Le message n'a pas fait long feu : l'équipe de Robinhood l'a supprimé en une demi-heure. Mais il avait déjà cumulé environ 175 000 vues. Cela a suffi. Le token, créé à peine 46 minutes avant le piratage, a bondi en valeur. Selon des analystes blockchain, les attaquants ont empoché environ 650 ETH, soit près de 1,3 million de dollars.
Robinhood a confirmé le piratage depuis son compte officiel, précisant travailler avec X pour restaurer l'accès et que le faux message avait été supprimé. Tenev a récupéré son compte peu après. L'explorateur de blocs de Robinhood Chain a ensuite signalé Vladhood comme une arnaque probable.

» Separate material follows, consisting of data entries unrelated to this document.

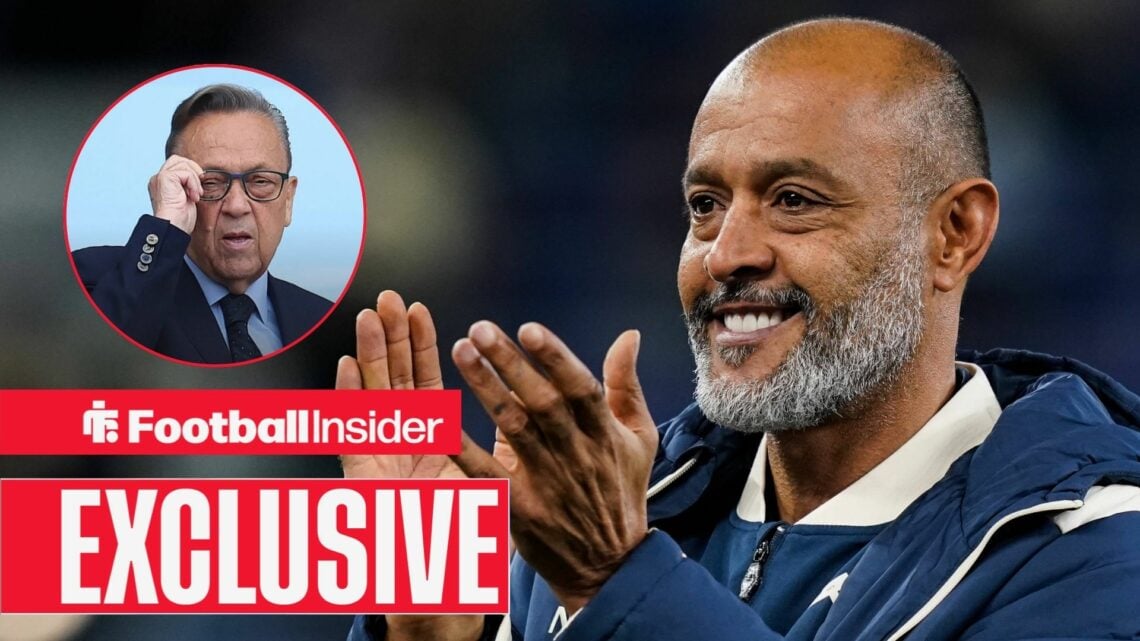 Nuno Espirito Santo applauding the West Ham fans, with David Sullivan in a circular inset
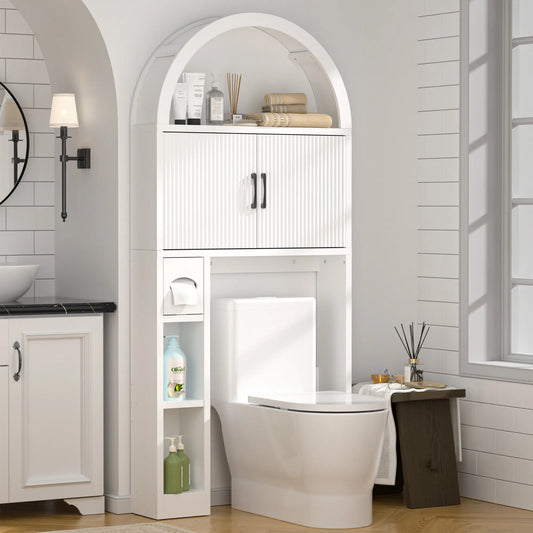 AHB Arched Over-The-Toilet Wood Bathroom Cabinet Organizer - Freestanding Storage Cupboard, Modern Indoor Furniture with Doors, Adjustable Shelf, Anti-Tip Kit, for Bathroom, Laundry Room, Dorm Essentials, SohoChic Home Decor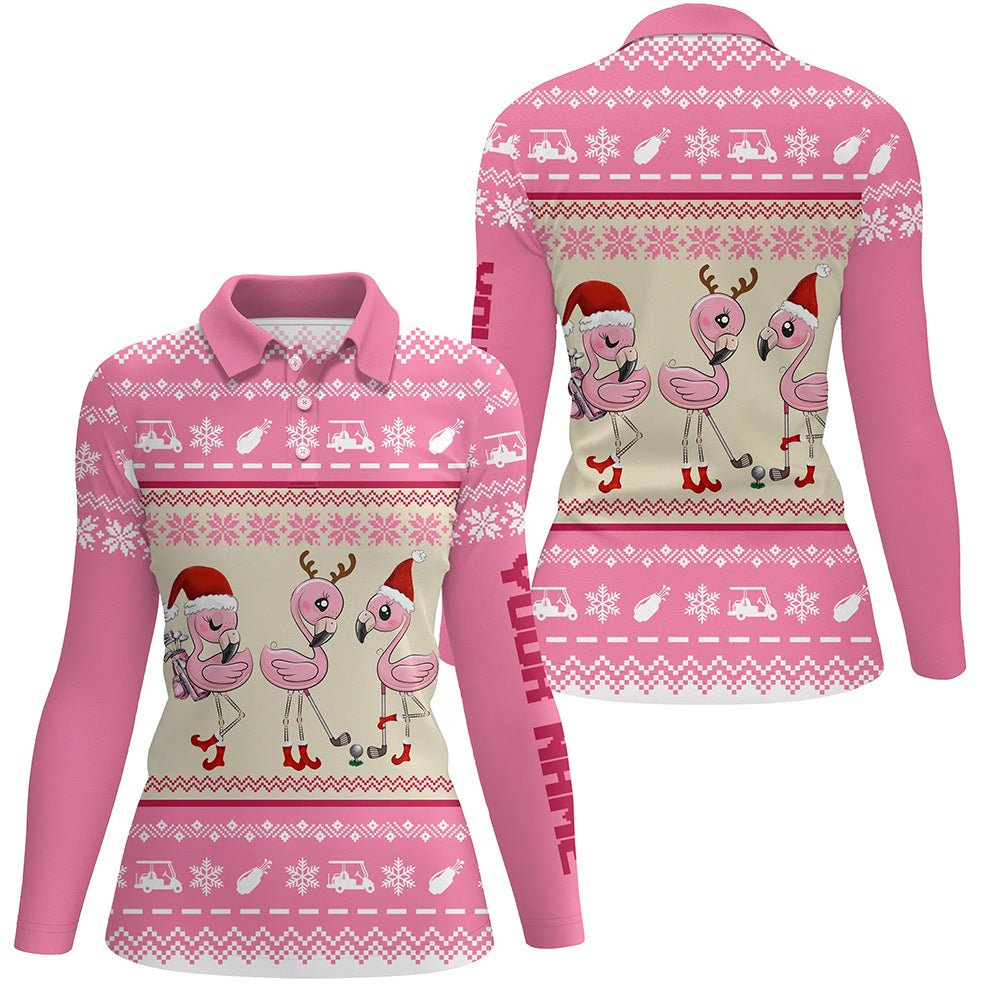 Lustige hässliche Weihnachts-Golfshirts individuell rosa Damen Golf Polos Flamingo Golf Freund Weihnachtsgeschenke N6512 - Climcat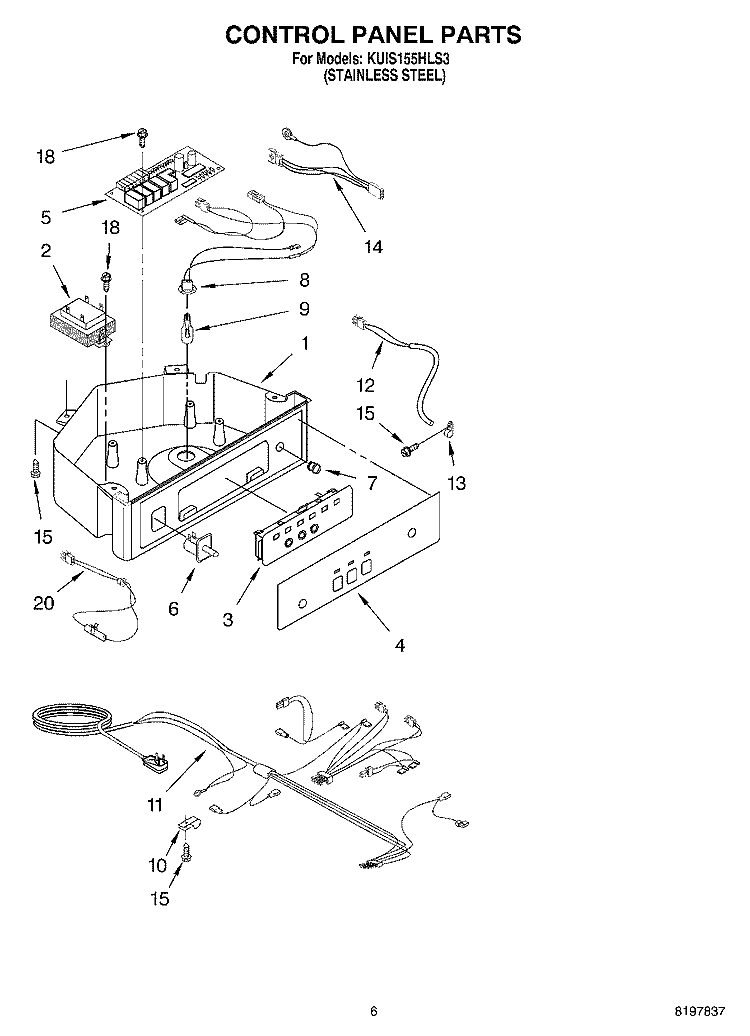CONTROL PANEL Diagram and Parts List for KUIS155HLS3  KitchenAid Ice Maker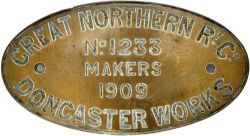 Worksplate GREAT NORTHERN RY CO MAKERS DONCASTER WORKS No 1233 1909 ex GNR Ivatt Class D1 4-4-0,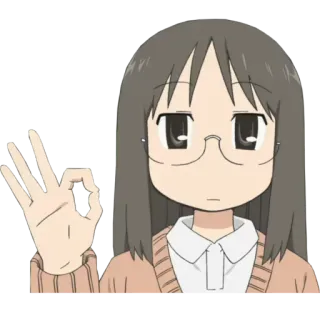 👌 Anime, Mädchen, Brille, Ok-Zeichen, Handgeste telegram sticker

Le moment n'est pas anodin. Robinhood Chain, le réseau basé sur Ethereum lancé le 1er juillet par le courtier, a attiré plus de 700 millions de dollars d'actifs en moins d'un mois, avec un volume cumulé sur les DEX proche de 9 milliards. Une grande partie de cette activité vient des memecoins : les utilisateurs traquent le prochain token susceptible de s'envoler du jour au lendemain.
Détourner le compte d'un dirigeant pour gonfler une fausse monnaie n'a rien de nouveau ; des escrocs utilisent ce procédé depuis des années contre des célébrités et des politiques. Ce qui change ici, c'est le contexte : un grand courtier construit une chaîne où la spéculation sur les memecoins est déjà la principale source d'activité, ce qui en fait une cible tentante. Robinhood n'a pas précisé si les utilisateurs lésés seraient indemnisés, ni si la protection des comptes de ses dirigeants allait évoluer.